Prompt> Output the entries exactly. Start at the first line, finish with the line containing "Tapetes compatibles con", and omit the pictures.
= = =
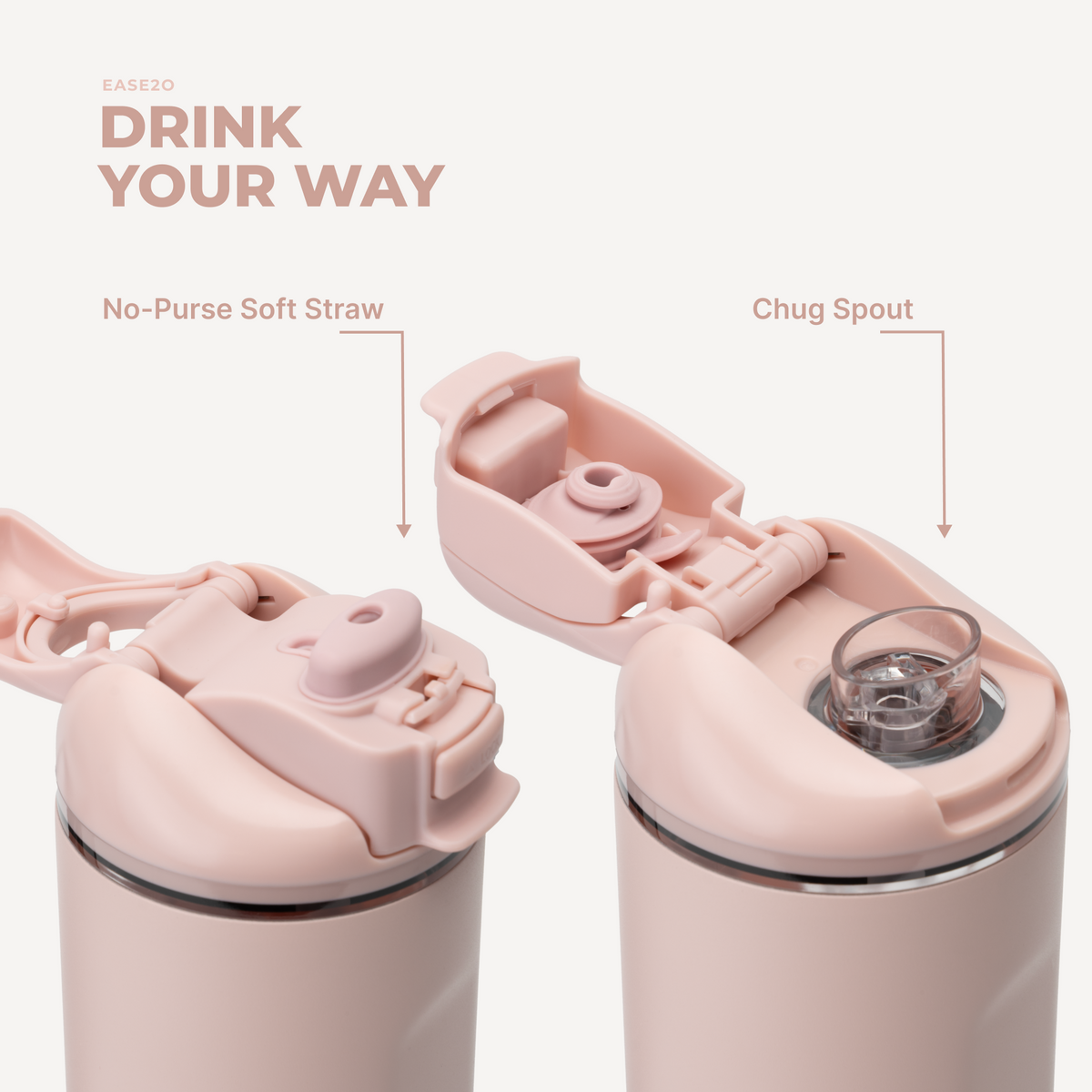 Ease2o (40oz) - Dusty Rose - image 5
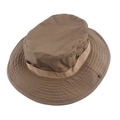 Brown tactical boonie hat with breathable vents and wide brim for outdoor activities - One Size / Khaki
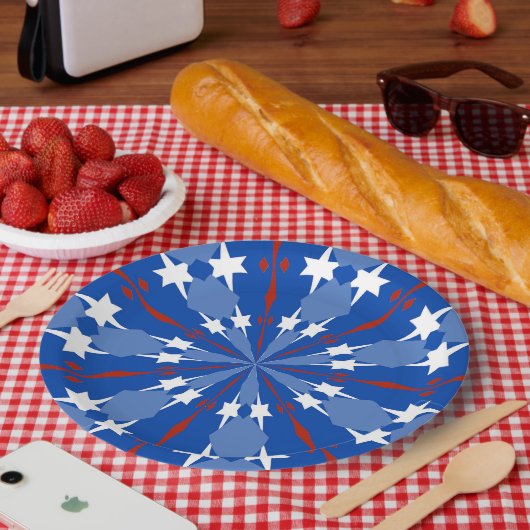 july 4 , 002 Paper Plate Papieren Bordje (Picknick)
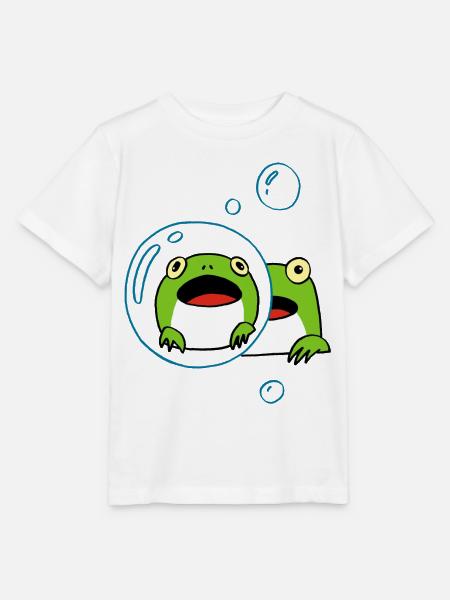 Kawaii Frosch - Stanley/Stella Kinder T-Shirt MINI CREATOR - Weiß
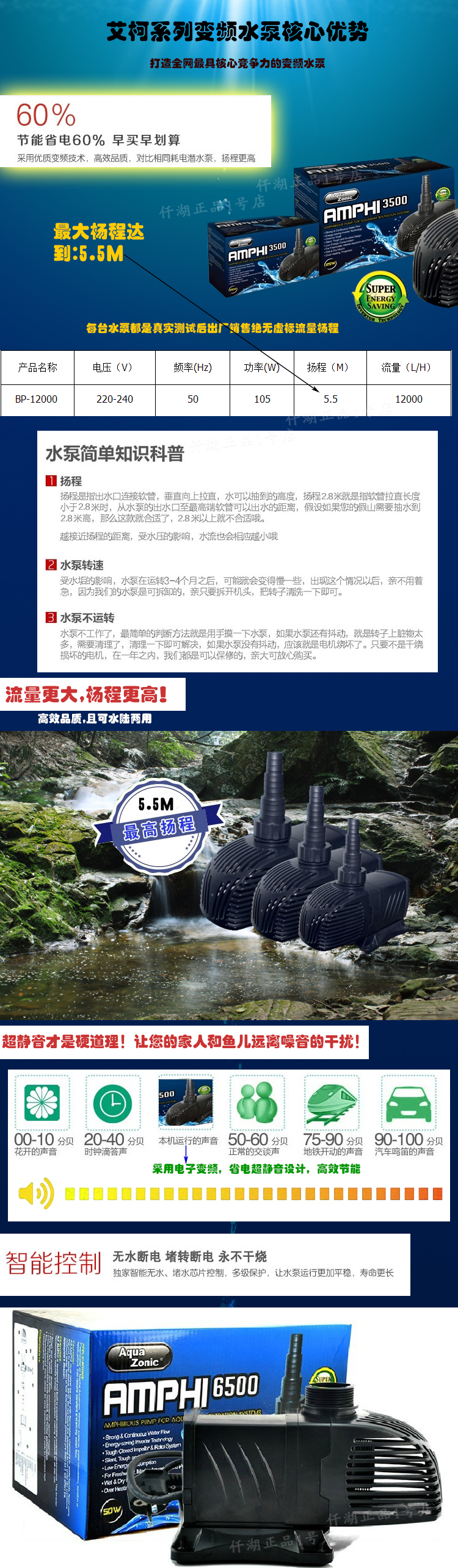  仟湖省电潜水泵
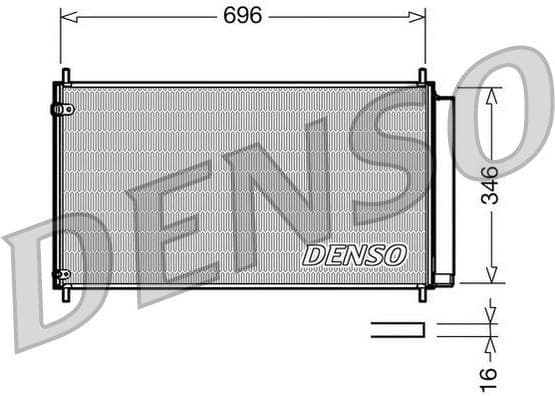 Condenser, air conditioning DCN50022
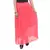 Carrot pink wrinkled chiffon skirts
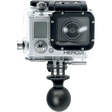 RAM MOUNTS DOUBLE - SOCKET - ARM - WITH - CAMERA - ADAPTOR - RAPB202GOP1 - Driven Powersports Inc.793442938788RAP - B - 202 - GOP1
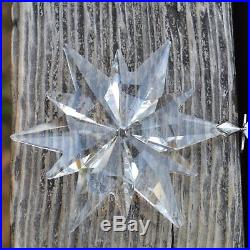 2017 Annual Edition Christmas Ornament Star XMAS Snowflake Crystal Decor 2.79 in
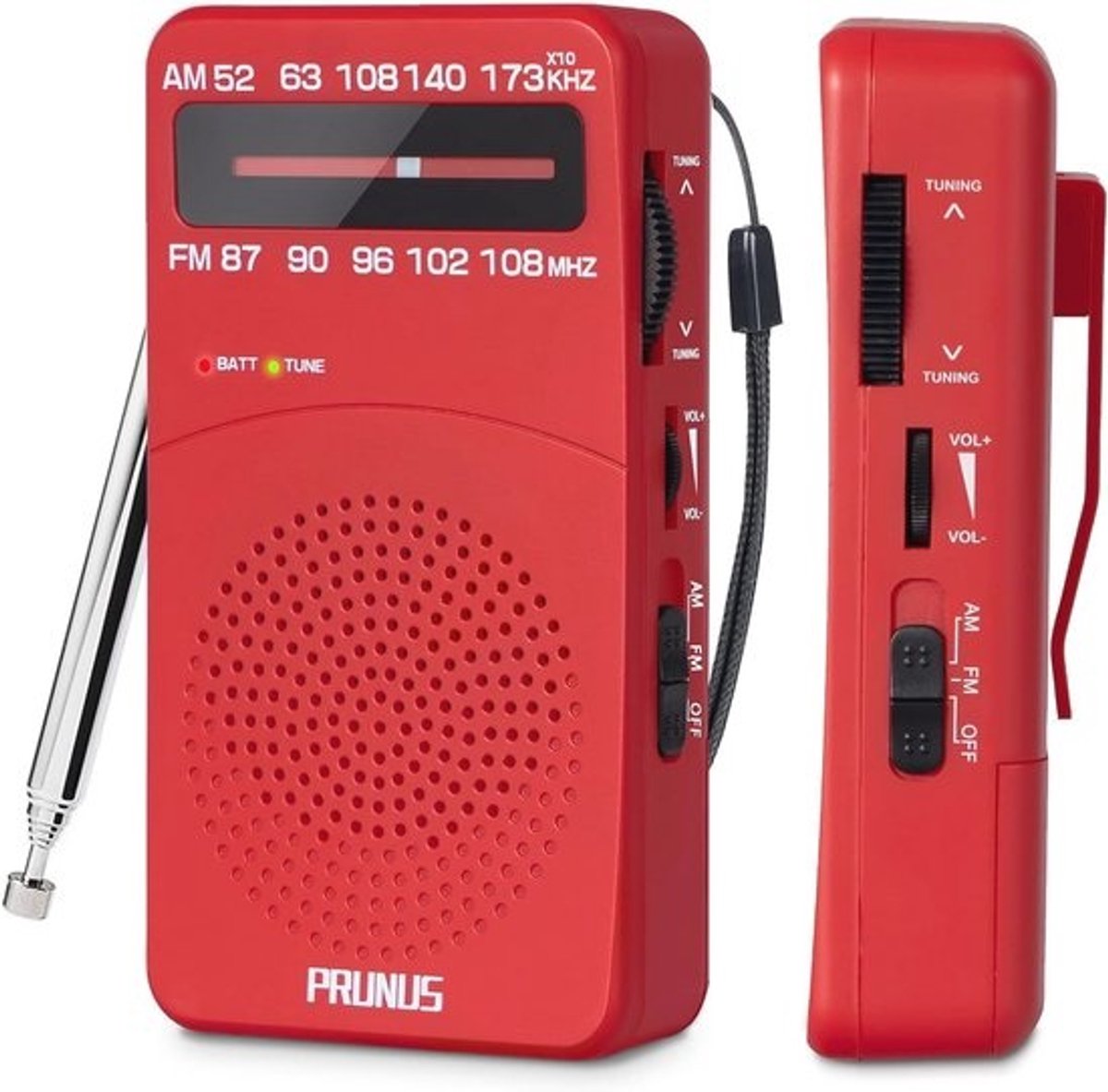 Draagbare Mini Pocket Radio met Uitstekende Ontvangst en Tuning Indicator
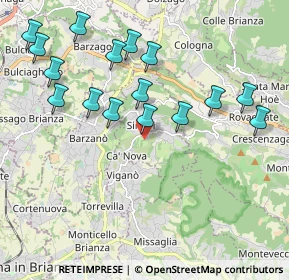 Mappa Via Giovanni Besana, 23896 Sirtori LC, Italia (2.12375)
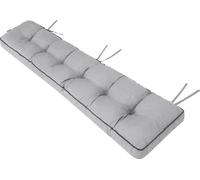 Coussin pour banc de jardin Etna 150×40 cm - épaisseur 8 cm, tissu Oxford, hydrofuge, avec bandes de fixation | Hobbygarden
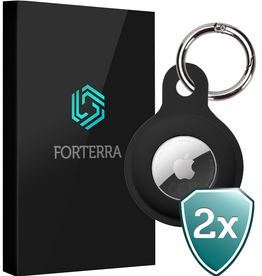 Forterra Forterra AirTag 2 Hoesje Siliconen - Zwart - 2 PACK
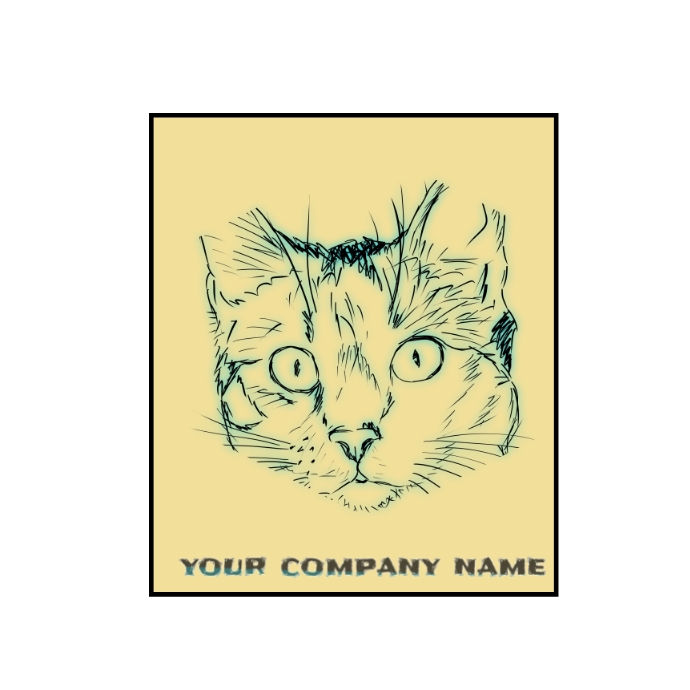 cat album cover  template design Logo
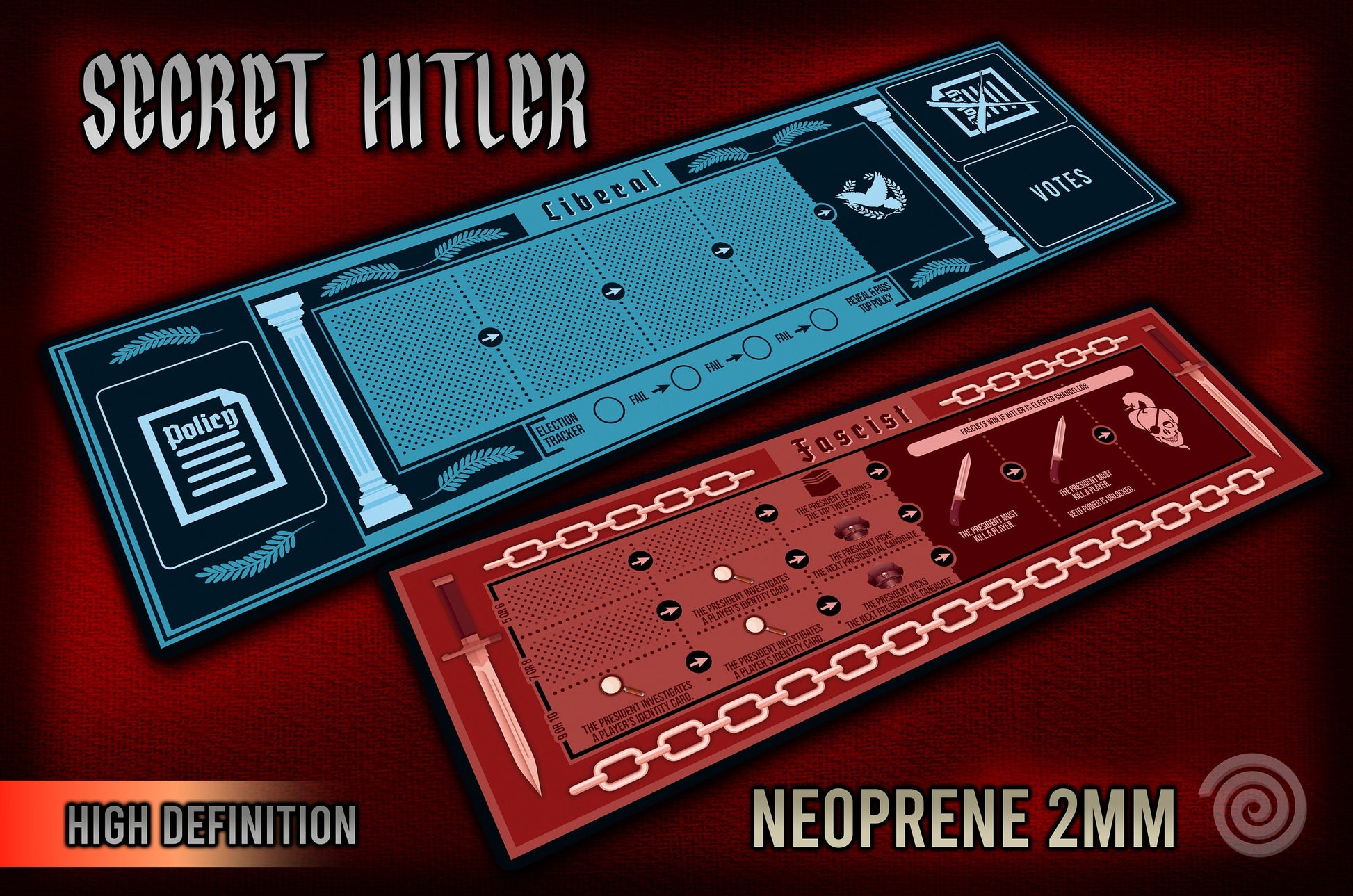 Tapetes compatibles con SECRET HITLER ( Bundle)
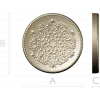 Circular Floral Rosette - STL 3D model for CNC milling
= = =
Answer space>
 Ease2o (40oz) - Dusty Rose - image 5
 Brown tactical boonie hat with breathable vents and wide brim for outdoor activities - One Size / Khaki
 july 4 , 002 Paper Plate Papieren Bordje (Picknick)
 Kawaii Frosch - Stanley/Stella Kinder T-Shirt MINI CREATOR - Weiß
  仟湖省电潜水泵
 Condenser, air conditioning DCN50022
 Carrot pink wrinkled chiffon skirts
 RAM MOUNTS DOUBLE - SOCKET - ARM - WITH - CAMERA - ADAPTOR - RAPB202GOP1 - Driven Powersports Inc.793442938788RAP - B - 202 - GOP1
 2017 Annual Edition Christmas Ornament Star XMAS Snowflake Crystal Decor 2.79 in
 Draagbare Mini Pocket Radio met Uitstekende Ontvangst en Tuning Indicator
 Mappa Via Giovanni Besana, 23896 Sirtori LC, Italia (2.12375)
 Coussin pour banc de jardin Etna 150×40 cm - épaisseur 8 cm, tissu Oxford, hydrofuge, avec bandes de fixation | Hobbygarden
 Forterra Forterra AirTag 2 Hoesje Siliconen - Zwart - 2 PACK
 cat album cover  template design Logo
 Tapetes compatibles con SECRET HITLER ( Bundle)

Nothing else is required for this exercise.